2) Secondly, some of my best friends are multi-site pastors. And they are all fantastic, humble, godly men who love Jesus, love the Church, and love seeing lost people get saved. I am not against them.

So: why I’m averse to video venue multi-site whatchamacalits:

1) I do not think it is wise, in our consumer culture, to go down the path of continued un-incarnation.

This applies to the “virtual church” phenomenon in general, as well. In a day when the idolatry of the self and the mass production of “beauty” and the disconnection of individuals from each other are daily, constant, pernicious struggles, I don’t think the church can afford to un-incarnate anything, much less its preaching. Video is by definition un-incarnational.

2) Video venues are not counter-cultural.

You can go a lot of ways with this thinking, sometimes overboard, but the kingdom of God is supposed to run counter to the way of the world.
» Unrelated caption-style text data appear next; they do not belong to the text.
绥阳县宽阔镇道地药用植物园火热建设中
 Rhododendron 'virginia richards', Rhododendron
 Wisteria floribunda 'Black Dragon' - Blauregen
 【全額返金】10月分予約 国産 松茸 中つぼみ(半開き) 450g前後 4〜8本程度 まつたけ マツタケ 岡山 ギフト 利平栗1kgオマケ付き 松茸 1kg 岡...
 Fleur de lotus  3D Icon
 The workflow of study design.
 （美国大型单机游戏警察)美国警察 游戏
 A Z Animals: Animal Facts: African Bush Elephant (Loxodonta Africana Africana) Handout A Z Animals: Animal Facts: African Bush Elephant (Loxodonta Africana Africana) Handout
What I see in the worst examples of the video venue movement is just more accommodation of cultural values begun in the modern church’s idolization of “relevancy” twenty years or so ago. All churches should be seeker sensitive (in the best sense of the phrase), by which I mean seeker comprehensible and seeker welcoming, and all churches should be good students of the culture and good workers at contextualization, but there is a line between contextualizing and accommodating, and I think video venues often cross the line. At what point do we look at cultural trends not as things to mirror and ape but to challenge and subvert? Technology, as some insist, may be neutral, but that does not automatically mean that all technological tools are suitable for uncritical ecclesiological appropriation. I am afraid many churches have moved from “leveraging technology” to merely mirroring whatever they think the world finds appealing or slick.

3) Video venues can reinforce the kind of pragmatism that has not served the church well at any point.

We are just now seeing the data revealing the fruit of the attractional paradigm, and it is not good. Big churches are increasing, but the numbers of Christians are not. By some accounts, all debatable of course, the most churched states in the nation are in danger of soon-coming evangelical decline. Much of the video venue stuff is clearly from the same school of thought as the ecclesiological trajectory we are only now discovering was wrongheaded and, moreover, impotent to grow disciples.

4) A video preacher can’t be shot in the face.


5) Video venues assist the idolization of and over-reliance on preachers.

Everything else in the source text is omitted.